Putting the Army chief in the center of acquisition processes is one way to ensure that everyone in the service is on the same page as requirements are developed and procurement decisions are made, according to McFarland.
The Army also has to start looking at its future through "threat-based analysis," McFarland said. The Army has had a tendency to jump to a materiel solution without understanding long-term the unintended consequences. in the long term. "One of the most damaging impacts to our acquisition is the concept of capabilities versus threat," she added.
For example, the Army, when it downsized the acquisition workforce 30 years ago, removed operational research science and advisers. "Guys that look at the military art of war," weighing the threat and looking at it from a concept of operations, not just materiel solutions, but tactics, techniques and procedures.
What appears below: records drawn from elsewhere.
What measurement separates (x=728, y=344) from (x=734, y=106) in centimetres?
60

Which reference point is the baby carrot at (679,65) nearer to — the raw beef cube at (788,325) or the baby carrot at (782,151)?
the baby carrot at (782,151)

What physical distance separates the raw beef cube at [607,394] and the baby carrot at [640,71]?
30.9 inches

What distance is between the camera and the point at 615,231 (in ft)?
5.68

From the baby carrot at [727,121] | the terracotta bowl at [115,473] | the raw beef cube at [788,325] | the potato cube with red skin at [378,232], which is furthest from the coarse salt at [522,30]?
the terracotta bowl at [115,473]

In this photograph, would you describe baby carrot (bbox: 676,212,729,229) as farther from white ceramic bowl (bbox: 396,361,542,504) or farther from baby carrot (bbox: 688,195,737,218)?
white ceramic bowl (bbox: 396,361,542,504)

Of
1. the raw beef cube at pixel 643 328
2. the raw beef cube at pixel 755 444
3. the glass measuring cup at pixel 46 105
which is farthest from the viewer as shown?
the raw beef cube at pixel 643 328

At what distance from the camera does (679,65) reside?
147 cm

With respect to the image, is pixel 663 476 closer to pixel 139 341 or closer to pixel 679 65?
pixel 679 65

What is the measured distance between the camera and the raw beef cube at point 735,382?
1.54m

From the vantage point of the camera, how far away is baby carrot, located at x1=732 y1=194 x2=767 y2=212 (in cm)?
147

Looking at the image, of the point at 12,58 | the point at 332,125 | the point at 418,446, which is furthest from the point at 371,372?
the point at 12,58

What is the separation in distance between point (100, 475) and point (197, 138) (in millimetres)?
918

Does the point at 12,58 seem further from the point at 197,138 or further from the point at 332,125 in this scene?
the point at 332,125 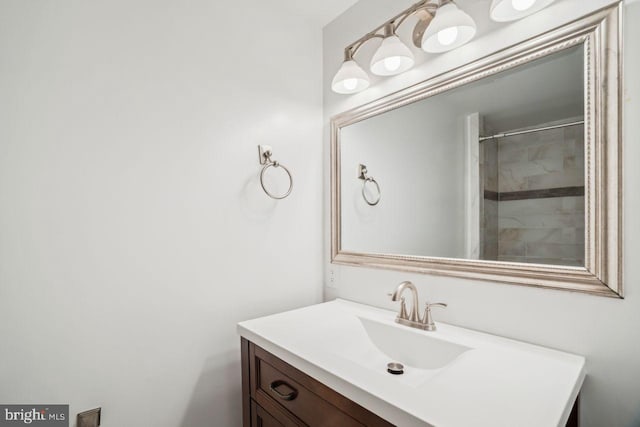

"These folks were decimated," McFarland said. "We are trying to bring back skills that have atrophied, candidly, over time."
McFarland noted that acquisition, in many cases, has to happen more rapidly. The Army is setting up a Rapid Capabilities Office that will function separately from the Rapid Equipping Force, which still handles urgent needs in theater.
The new office will take on strategic issues that are threat-related and pose an immediate and high risk, McFarland said, such as active protection systems and electronic warfare.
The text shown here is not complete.